O que é precisamente este «mistério de Deus», este projeto estabelecido pela vontade do Pai, projeto que Cristo nos revelou? Na sua carta aos Efésios, São Paulo deseja prestar uma solene homenagem ao Pai, descrevendo o grandioso desígnio do seu amor, desígnio que se realiza no presente, mas que remonta ao passado: «Bendito seja o Deus e Pai de Nosso Senhor Jesus Cristo. Ele nos abençoou nos céus, enchendo-nos com todas as bênçãos espirituais, em nome de Cristo. Porque nele nos elegeu antes da fundação do mundo, para que sejamos santos e irrepreensíveis aos seus olhos. Ele nos predestinou em seu amor para nos tornarmos seus filhos adotivos pelos méritos de Jesus Cristo, de acordo com o beneplácito de sua vontade. Para celebrar a glória da graça, que nos deu em seu Filho amado, cujo sangue nos rendeu a redenção e a remissão dos pecados. Ele esbanjou sua graça sobre nós, abundante em sabedoria e prudência, para nos fazer conhecer o mistério de sua vontade, o plano que ele havia concebido de reunir todas as coisas na plenitude ordenada dos tempos em Cristo, aquelas que estão no céu e aqueles que estão na terra ».

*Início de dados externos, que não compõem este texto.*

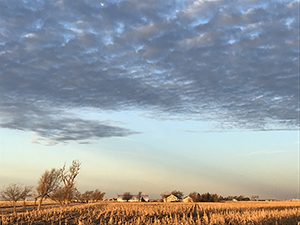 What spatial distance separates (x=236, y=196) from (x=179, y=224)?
138 metres

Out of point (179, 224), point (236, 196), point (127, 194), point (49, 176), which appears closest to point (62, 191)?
point (49, 176)

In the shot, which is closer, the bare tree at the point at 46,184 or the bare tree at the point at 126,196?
the bare tree at the point at 46,184

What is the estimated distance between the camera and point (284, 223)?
73.0ft

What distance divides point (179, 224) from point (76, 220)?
961cm

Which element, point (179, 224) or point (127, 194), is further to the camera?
point (127, 194)

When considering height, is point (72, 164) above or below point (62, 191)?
above

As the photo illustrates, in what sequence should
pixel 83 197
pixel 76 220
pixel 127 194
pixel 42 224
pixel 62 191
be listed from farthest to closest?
pixel 127 194 < pixel 83 197 < pixel 62 191 < pixel 76 220 < pixel 42 224

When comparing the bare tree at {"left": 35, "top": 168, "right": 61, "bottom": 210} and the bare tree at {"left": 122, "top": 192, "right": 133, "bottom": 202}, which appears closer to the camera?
the bare tree at {"left": 35, "top": 168, "right": 61, "bottom": 210}

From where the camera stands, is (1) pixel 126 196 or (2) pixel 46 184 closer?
(2) pixel 46 184

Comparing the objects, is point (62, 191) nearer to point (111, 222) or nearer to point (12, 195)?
point (12, 195)

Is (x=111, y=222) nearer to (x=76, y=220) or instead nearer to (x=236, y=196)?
(x=76, y=220)

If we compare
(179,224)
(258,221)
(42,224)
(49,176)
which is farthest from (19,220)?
(49,176)

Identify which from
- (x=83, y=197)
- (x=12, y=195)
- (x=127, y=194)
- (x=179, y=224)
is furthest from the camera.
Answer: (x=127, y=194)

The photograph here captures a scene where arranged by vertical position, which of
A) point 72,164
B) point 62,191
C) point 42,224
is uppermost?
point 72,164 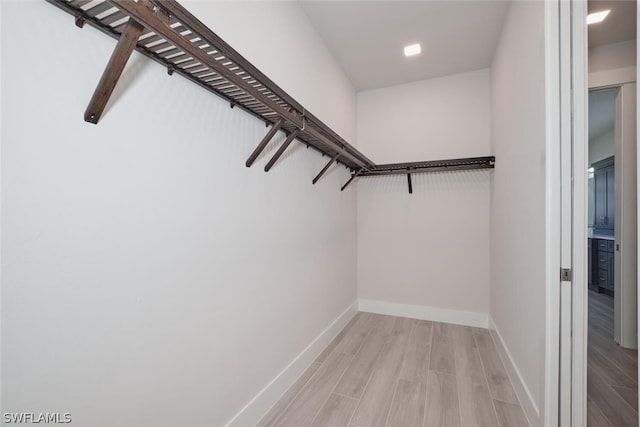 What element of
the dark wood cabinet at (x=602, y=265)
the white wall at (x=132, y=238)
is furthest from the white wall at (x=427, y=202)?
the dark wood cabinet at (x=602, y=265)

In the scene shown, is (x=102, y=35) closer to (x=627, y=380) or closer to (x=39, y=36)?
(x=39, y=36)

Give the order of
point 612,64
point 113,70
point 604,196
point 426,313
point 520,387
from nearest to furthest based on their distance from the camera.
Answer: point 113,70 < point 520,387 < point 612,64 < point 426,313 < point 604,196

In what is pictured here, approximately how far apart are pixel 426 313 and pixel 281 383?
79.0 inches

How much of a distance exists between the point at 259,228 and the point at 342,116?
6.29 ft

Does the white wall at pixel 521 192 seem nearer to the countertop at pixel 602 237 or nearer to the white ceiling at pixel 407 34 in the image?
the white ceiling at pixel 407 34

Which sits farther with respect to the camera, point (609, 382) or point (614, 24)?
point (614, 24)

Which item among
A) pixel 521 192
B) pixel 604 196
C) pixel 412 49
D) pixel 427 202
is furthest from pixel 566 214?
pixel 604 196

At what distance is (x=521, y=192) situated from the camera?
1.75 metres

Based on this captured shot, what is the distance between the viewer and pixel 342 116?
292cm

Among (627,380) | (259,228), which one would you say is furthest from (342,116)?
(627,380)

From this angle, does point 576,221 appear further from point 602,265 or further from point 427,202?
point 602,265

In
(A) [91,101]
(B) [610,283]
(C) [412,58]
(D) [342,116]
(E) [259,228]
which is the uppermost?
(C) [412,58]

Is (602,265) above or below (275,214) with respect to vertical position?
below

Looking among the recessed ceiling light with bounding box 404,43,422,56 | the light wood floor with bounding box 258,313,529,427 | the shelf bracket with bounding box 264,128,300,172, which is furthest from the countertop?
the shelf bracket with bounding box 264,128,300,172
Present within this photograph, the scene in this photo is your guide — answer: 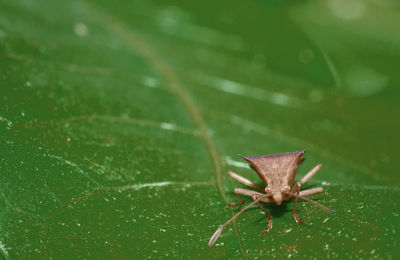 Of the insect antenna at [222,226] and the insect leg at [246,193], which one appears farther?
the insect leg at [246,193]

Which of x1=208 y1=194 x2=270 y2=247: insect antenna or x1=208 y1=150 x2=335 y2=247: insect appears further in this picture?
x1=208 y1=150 x2=335 y2=247: insect

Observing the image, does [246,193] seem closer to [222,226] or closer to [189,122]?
[222,226]

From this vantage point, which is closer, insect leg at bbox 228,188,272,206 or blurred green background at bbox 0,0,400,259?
blurred green background at bbox 0,0,400,259

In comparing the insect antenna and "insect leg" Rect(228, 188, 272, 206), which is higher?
the insect antenna

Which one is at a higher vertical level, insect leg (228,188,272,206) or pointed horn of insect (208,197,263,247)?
pointed horn of insect (208,197,263,247)

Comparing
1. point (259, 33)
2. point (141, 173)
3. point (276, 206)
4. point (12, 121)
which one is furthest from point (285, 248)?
point (259, 33)

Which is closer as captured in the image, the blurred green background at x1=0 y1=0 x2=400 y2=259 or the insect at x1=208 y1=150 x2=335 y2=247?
the blurred green background at x1=0 y1=0 x2=400 y2=259

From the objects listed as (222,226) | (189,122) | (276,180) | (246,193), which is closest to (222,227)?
(222,226)

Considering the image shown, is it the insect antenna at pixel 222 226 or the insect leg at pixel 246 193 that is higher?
the insect antenna at pixel 222 226

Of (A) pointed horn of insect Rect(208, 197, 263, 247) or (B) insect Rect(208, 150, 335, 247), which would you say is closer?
(A) pointed horn of insect Rect(208, 197, 263, 247)
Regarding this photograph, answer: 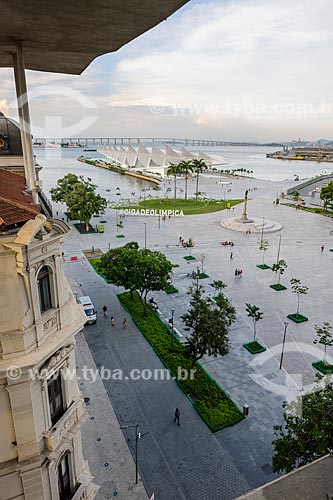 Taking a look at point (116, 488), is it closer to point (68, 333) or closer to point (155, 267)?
point (68, 333)

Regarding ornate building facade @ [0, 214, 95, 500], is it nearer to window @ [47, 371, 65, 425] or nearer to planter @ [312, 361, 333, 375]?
window @ [47, 371, 65, 425]

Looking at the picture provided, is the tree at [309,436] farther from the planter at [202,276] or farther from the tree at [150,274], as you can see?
the planter at [202,276]

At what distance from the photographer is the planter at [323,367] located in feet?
73.3

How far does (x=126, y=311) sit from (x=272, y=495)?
19.0m

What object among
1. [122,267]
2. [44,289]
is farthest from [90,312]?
[44,289]

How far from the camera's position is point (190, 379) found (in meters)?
21.5

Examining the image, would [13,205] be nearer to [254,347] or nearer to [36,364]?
[36,364]

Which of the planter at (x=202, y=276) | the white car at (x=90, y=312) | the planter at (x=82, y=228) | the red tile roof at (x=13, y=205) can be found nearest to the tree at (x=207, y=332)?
the white car at (x=90, y=312)

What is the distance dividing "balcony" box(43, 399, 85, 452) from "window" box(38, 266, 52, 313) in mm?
3038

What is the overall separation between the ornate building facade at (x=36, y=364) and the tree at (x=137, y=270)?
17420 millimetres

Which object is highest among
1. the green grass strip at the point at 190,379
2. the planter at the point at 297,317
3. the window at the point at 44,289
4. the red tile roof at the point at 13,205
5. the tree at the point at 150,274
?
the red tile roof at the point at 13,205

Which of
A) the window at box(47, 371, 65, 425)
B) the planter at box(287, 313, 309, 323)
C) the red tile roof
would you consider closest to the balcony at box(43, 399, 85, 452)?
the window at box(47, 371, 65, 425)

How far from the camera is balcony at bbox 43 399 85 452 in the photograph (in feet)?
29.0

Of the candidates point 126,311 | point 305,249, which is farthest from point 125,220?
point 126,311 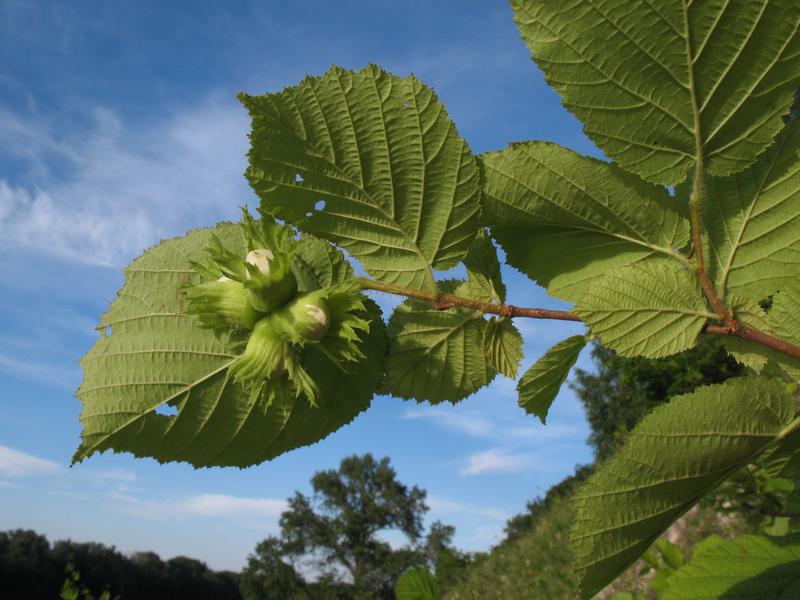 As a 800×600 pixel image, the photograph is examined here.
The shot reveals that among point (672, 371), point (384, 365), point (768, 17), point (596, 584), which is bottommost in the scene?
point (596, 584)

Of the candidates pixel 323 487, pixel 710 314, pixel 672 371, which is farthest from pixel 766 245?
pixel 323 487

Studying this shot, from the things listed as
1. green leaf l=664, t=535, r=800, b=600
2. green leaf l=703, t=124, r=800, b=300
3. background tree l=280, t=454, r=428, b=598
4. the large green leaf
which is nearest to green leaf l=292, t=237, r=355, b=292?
the large green leaf

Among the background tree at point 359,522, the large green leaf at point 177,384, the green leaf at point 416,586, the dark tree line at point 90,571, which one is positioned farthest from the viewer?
the background tree at point 359,522

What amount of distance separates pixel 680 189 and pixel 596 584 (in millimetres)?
535

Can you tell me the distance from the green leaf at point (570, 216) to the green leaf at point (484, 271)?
0.03 m

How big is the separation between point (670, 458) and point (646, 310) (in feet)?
0.61

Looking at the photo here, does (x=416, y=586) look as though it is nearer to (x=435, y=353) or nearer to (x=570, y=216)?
(x=435, y=353)

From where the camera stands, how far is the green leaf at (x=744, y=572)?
135 cm

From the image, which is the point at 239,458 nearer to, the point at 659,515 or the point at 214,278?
the point at 214,278

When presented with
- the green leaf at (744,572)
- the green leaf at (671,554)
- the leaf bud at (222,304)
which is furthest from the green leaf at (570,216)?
the green leaf at (671,554)

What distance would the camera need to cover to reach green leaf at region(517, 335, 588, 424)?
35.1 inches

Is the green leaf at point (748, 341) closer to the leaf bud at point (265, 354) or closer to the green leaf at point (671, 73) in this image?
the green leaf at point (671, 73)

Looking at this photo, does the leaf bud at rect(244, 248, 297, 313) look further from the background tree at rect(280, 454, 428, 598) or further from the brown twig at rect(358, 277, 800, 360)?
the background tree at rect(280, 454, 428, 598)

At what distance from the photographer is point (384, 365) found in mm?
919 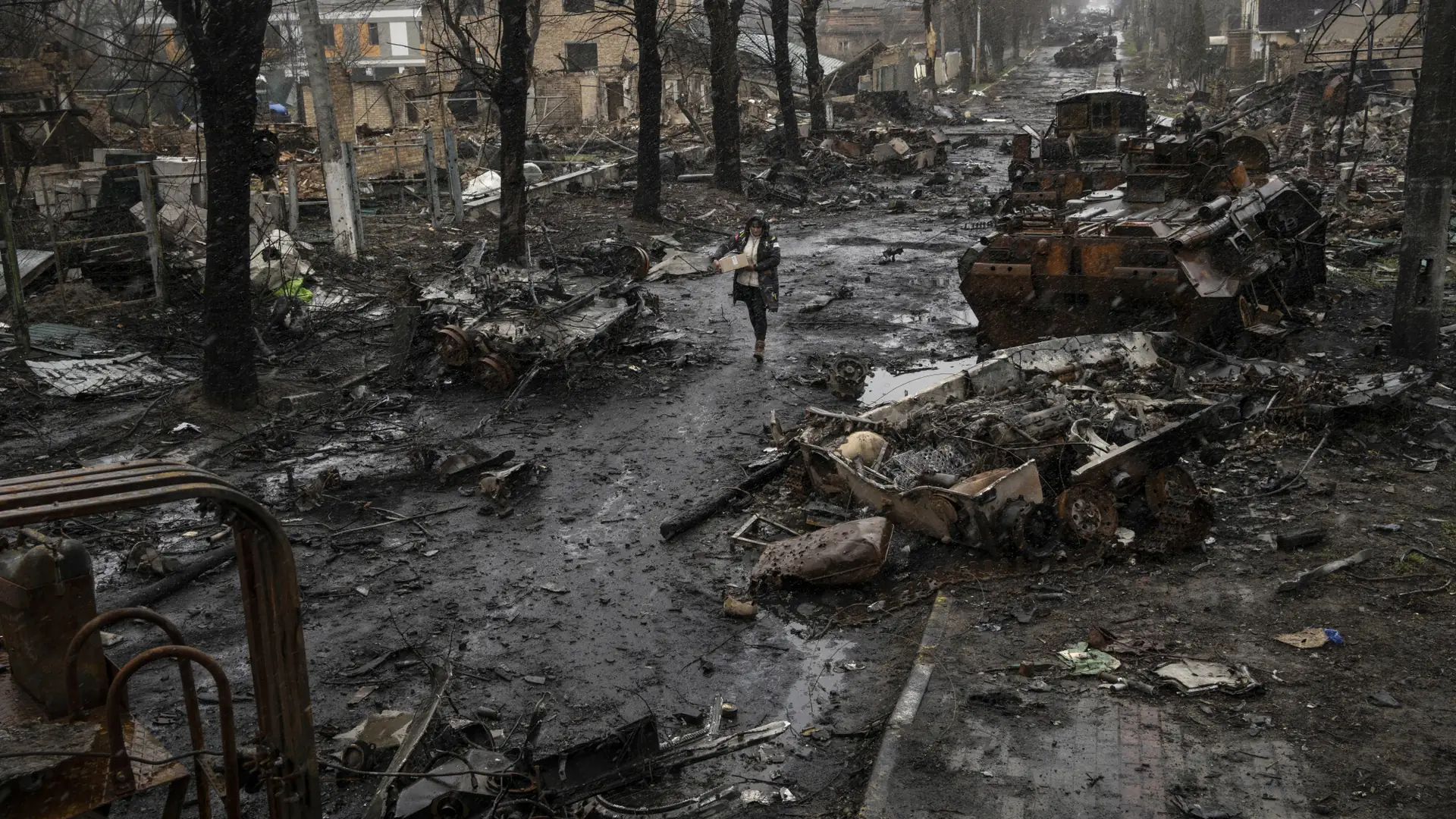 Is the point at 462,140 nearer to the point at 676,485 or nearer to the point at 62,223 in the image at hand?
the point at 62,223

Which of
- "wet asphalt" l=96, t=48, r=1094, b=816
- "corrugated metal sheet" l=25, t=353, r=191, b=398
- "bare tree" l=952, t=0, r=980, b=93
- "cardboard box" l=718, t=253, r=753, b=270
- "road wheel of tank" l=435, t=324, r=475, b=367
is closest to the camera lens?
"wet asphalt" l=96, t=48, r=1094, b=816

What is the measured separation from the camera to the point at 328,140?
16938 millimetres

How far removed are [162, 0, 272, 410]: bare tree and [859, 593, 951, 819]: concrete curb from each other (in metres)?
7.62

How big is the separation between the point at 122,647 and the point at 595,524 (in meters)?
3.30

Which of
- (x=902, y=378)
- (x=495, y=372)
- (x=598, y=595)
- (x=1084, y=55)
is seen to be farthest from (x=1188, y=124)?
(x=1084, y=55)

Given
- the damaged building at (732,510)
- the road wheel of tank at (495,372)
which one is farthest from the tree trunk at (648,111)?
the road wheel of tank at (495,372)

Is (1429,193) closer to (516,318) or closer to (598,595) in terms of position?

São Paulo, no impulso da sua gratidão, enfatiza os dois aspectos essenciais da obra de salvação: tudo vem do Pai e tudo está concentrado em Cristo. O Pai está na origem e Cristo está no centro; mas se, em virtude de estar no centro, Cristo está destinado a reunir tudo em si mesmo, isso acontece porque todo o projeto de redenção saiu de um coração paterno, e neste coração paterno encontramos a explicação de tudo.

Todo o destino do mundo foi comandado por esta vontade fundamental do Pai: ele quis nos ter como filhos em Jesus Cristo. Desde a eternidade o seu amor foi dirigido ao Filho, aquele Filho a quem São Paulo chama com um nome tão sugestivo: "aquele que é amado", ou melhor, para traduzir mais precisamente a nuance do verbo grego: "aquele que é sido perfeitamente amado ». Para compreender melhor a força desse amor, é necessário lembrar que o Pai eterno só existe como Pai, que toda a sua pessoa consiste em ser pai. Um pai humano era uma pessoa antes de se tornar pai; sua paternidade aumenta sua qualidade de ser humano e enriquece sua personalidade; portanto, o homem tem um coração humano antes de ter um coração paternal, e é na idade madura que aprende a ser pai, adquirindo a disposição da mente. Por outro lado, na Trindade divina, o Pai é Pai desde o princípio e se distingue da pessoa do Filho precisamente porque é Pai. Ele é, portanto, o Pai integralmente, em uma infinita plenitude de paternidade; ele não tem outra personalidade senão a paterna e seu coração nunca existiu senão como coração paterno. É consigo mesmo, portanto, que se volta para o Filho para amá-lo, numa explosão em que toda a sua pessoa está plenamente comprometida. O Pai só quer ser olhar para o Filho, dom ao Filho e união com ele. E este amor, lembremo-nos, é tão forte e tão extraordinário, tão absoluto no dom, que fundir-se com o amor mútuo do Filho constitui a pessoa do Espírito Santo para sempre. Agora, é precisamente no seu amor pelo Filho que o Pai quis introduzir, inserir, o seu amor pelos homens. A sua primeira ideia foi estender-nos a paternidade que possuía em relação ao Verbo, seu Filho único; isto é, ele queria que sejamos seus filhos vivendo a vida de seu Filho, revestidos dele e transformados nele.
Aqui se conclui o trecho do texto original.